The dicamba saga continues.
To hear Monsanto tell it, the rollout of its latest genetically modified soybean offering went without a hitch. The novel soybeans, engineered to withstand two different herbicides, debuted in 2016. Just a year later, they were planted on 20 million acres —representing nearly a quarter of the total US crop.
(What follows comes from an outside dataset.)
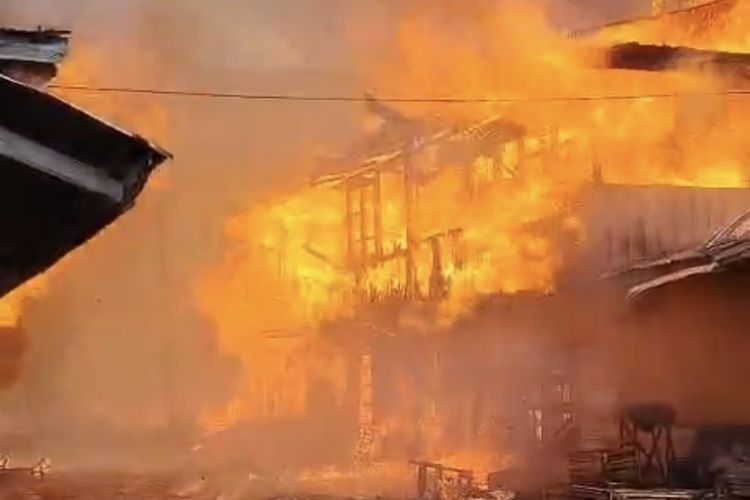 96 Unit Bangunan di Pasar Jeget Ayu Aceh Tengah Terbakar, 2 Korban Terluka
In its latest quarterly profit report, released Wednesday, the company hailed that rapid uptake as a “record” adoption rate for one if its new products. And that’s not all. “The vast majority of U.S. growers are reporting tremendous success” with a newly formulated herbicide designed to be used on the soybeans, the company declared.
The debut was so successful, Monsanto insisted in its presentation to investors, that farmers will scramble to plant dramatically more of it in 2018—the company told investors it expects acreage planted to the novel soybeans to double next year. That’s good news for its shareholders, because Monsanto charges a $5 to $10 per acre premium for the Roundup Ready 2 Xtend seeds, as they’re known. So if farmers indeed plant 40 million acres of the double-resistant beans next year, that would thus boost Monsanto’s bottom line by as much as $400 million next year.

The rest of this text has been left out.